▸ **REQUIREMENT**
Using the data below, print exactly the line with "Akcesoria turystyczne - Lampa", the line with "JBL PRX600 (yng)LɳQ(mo)KTVʘV", and every line between them, but none of the pictures.

▸ **RECORDS FOR THIS EXERCISE**
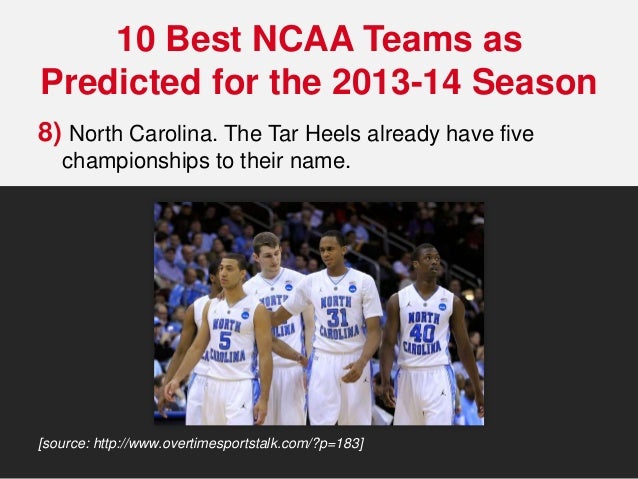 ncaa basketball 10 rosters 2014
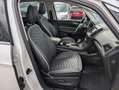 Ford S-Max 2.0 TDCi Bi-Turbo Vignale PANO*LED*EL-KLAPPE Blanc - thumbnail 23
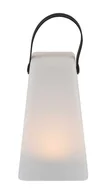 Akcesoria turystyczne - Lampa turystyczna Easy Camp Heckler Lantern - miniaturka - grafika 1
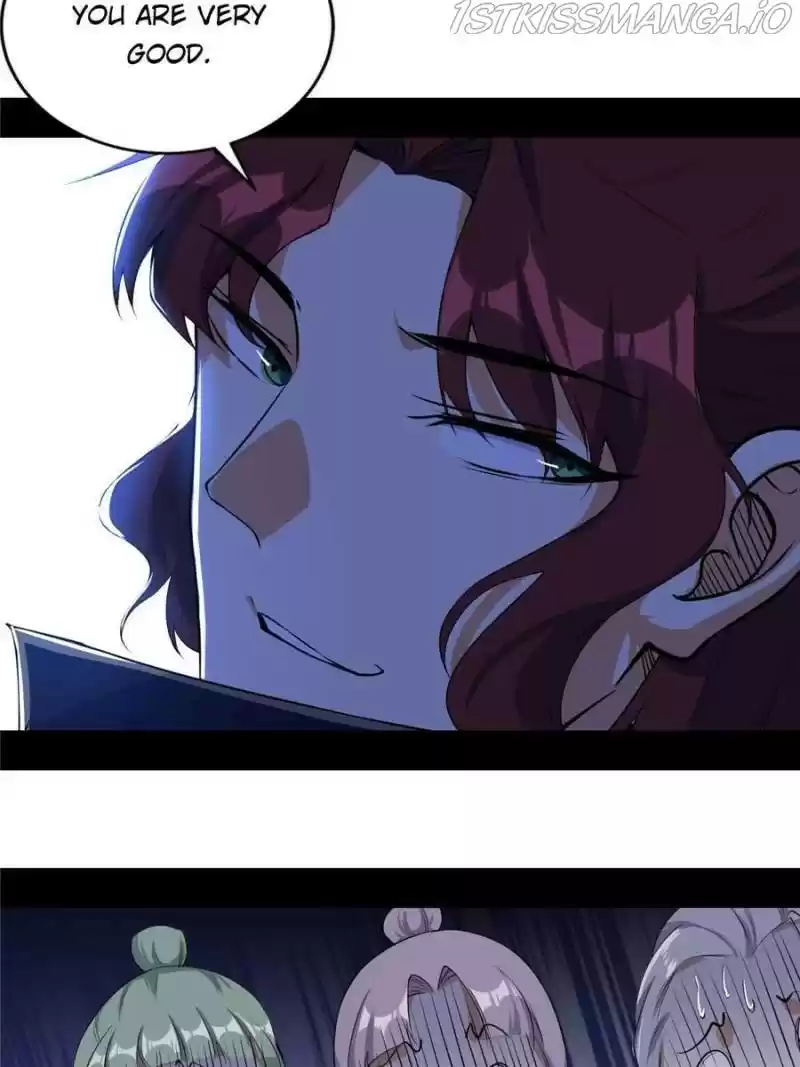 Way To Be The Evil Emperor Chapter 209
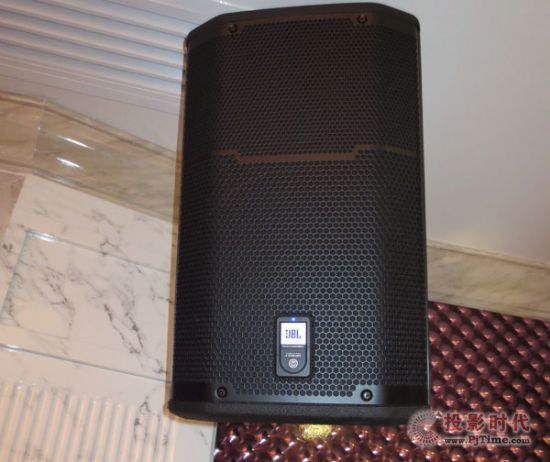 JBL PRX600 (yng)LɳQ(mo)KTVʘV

--

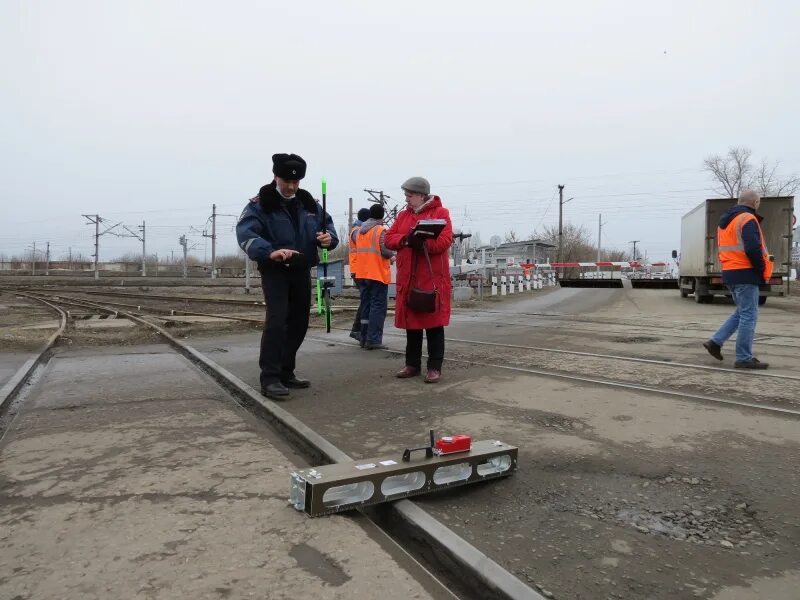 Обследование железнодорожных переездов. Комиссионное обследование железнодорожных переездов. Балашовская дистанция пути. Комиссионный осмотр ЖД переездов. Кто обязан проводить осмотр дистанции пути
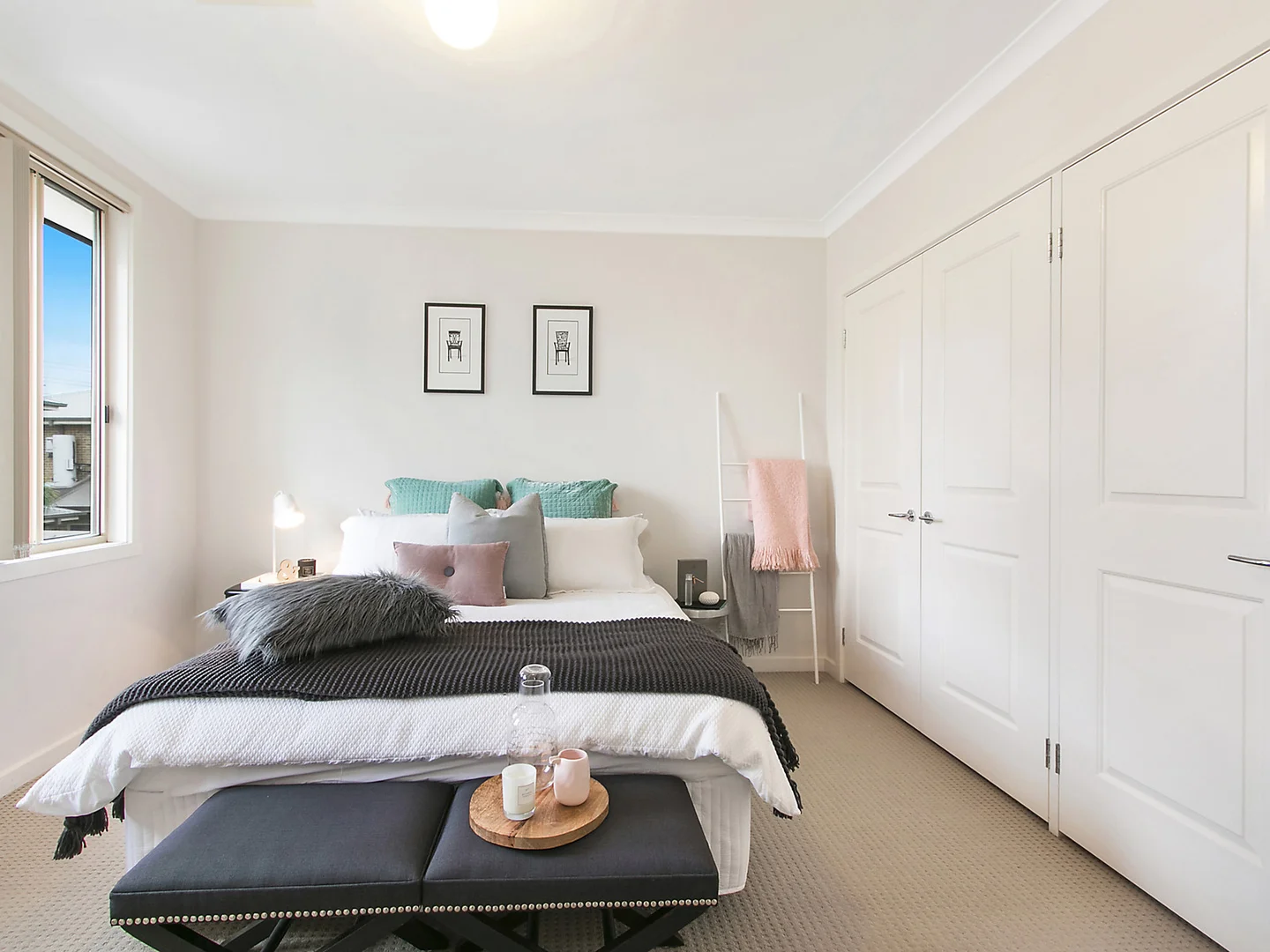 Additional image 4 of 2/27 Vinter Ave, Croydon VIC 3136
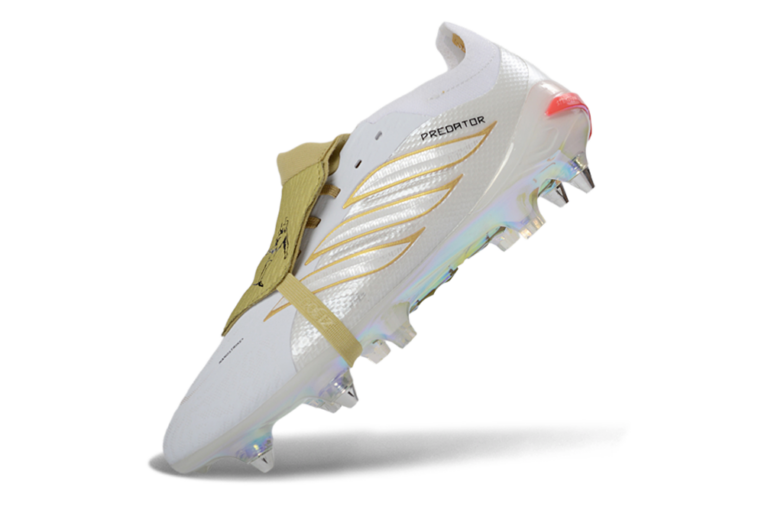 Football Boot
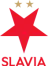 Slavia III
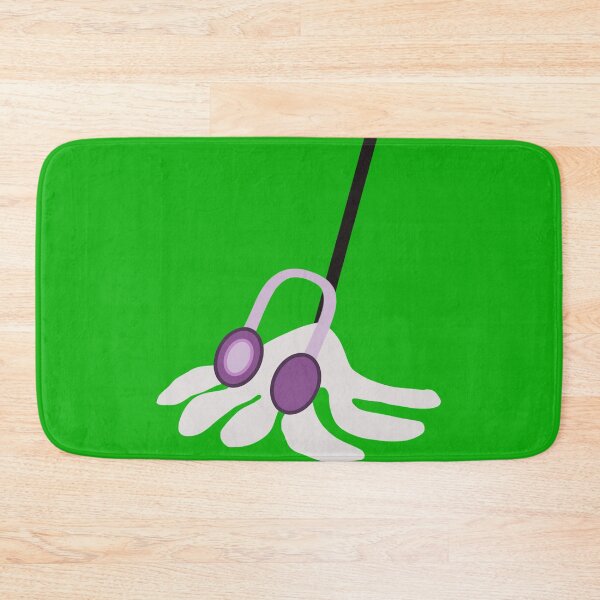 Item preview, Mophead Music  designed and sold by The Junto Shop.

* * *

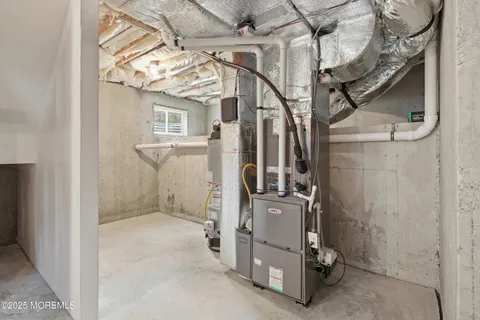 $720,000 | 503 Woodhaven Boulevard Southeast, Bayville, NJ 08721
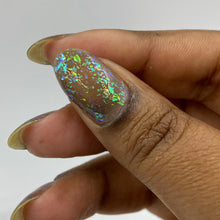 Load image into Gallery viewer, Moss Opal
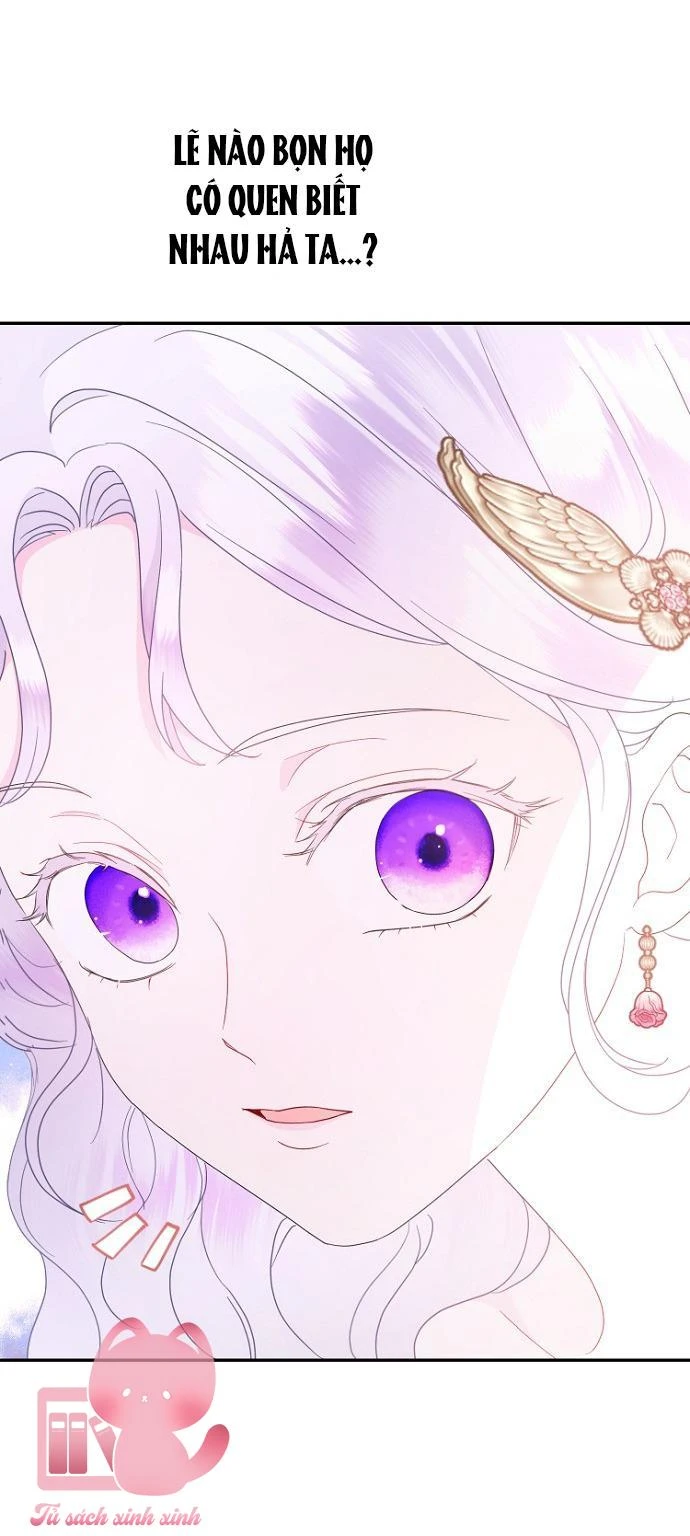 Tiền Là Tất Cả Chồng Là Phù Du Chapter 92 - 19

▸ **TASK SOLUTION**
 Akcesoria turystyczne - Lampa turystyczna Easy Camp Heckler Lantern - miniaturka - grafika 1
 Way To Be The Evil Emperor Chapter 209
 JBL PRX600 (yng)LɳQ(mo)KTVʘV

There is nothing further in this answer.